Country: | England |
Coordinates: | 52.794°N -0.4461°W |
Map Type: | Lincolnshire |
Official Name: | Grimsthorpe |
Civil Parish: | Edenham |
Shire District: | South Kesteven |
Shire County: | Lincolnshire |
Region: | East Midlands |
Constituency Westminster: | Grantham and Stamford |
Post Town: | BOURNE |
Postcode District: | PE10 |
Postcode Area: | PE |
Dial Code: | 01778 |
Os Grid Reference: | TF048229 |
London Distance Mi: | 90 |
London Direction: | S |
Grimsthorpe is a hamlet in the South Kesteven district of Lincolnshire, England. It is situated on the A151 road, and 3miles north-west from Bourne. Grimsthorpe falls within the civil parish of Edenham, which is governed by Edenham Grimsthorpe Elsthorpe & Scottlethorpe Parish Council.[1]
Grimsthorpe Castle is 500yd to the west.[2]

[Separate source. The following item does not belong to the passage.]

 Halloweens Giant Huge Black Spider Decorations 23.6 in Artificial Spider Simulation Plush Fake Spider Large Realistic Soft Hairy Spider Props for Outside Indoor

John Marius Wilson's 1870 Imperial Gazetteer of England and Wales described Grimsthorpe as:
a hamlet in Edenham parish, Lincoln; on the river Glen, 1½ mile W of Edenham village. Pop., 135. Grimsthorpe Park was the seat once of the Duke of Ancaster, afterwards of Lord Gwyder; is now the seat of Lord Willoughby d'Eresby; was built partly in the time of Henry III., but principally by the Duke of Suffolk, to entertain Henry VIII.; is a large, irregular, but magnificent structure; and stands in an ornate park, about 16 miles in circuit. A Cistertian abbey, founded about 1451, by the Earl of Albemarle, and called Vallis Dei, or, vulgarly, Vaudy, formerly stood in the park, about a mile from the castle.[3][4] Vaudey Abbey was a Cistercian abbey founded in 1147, dissolved in 1536. The Abbey and its commercial quarries became part of Grimsthorpe Park.[5] The park itself is mentioned in the Domesday Book.[6]
The majority of employment in the village is in agriculture, at Grimsthorpe Castle, or at the Black Horse public house.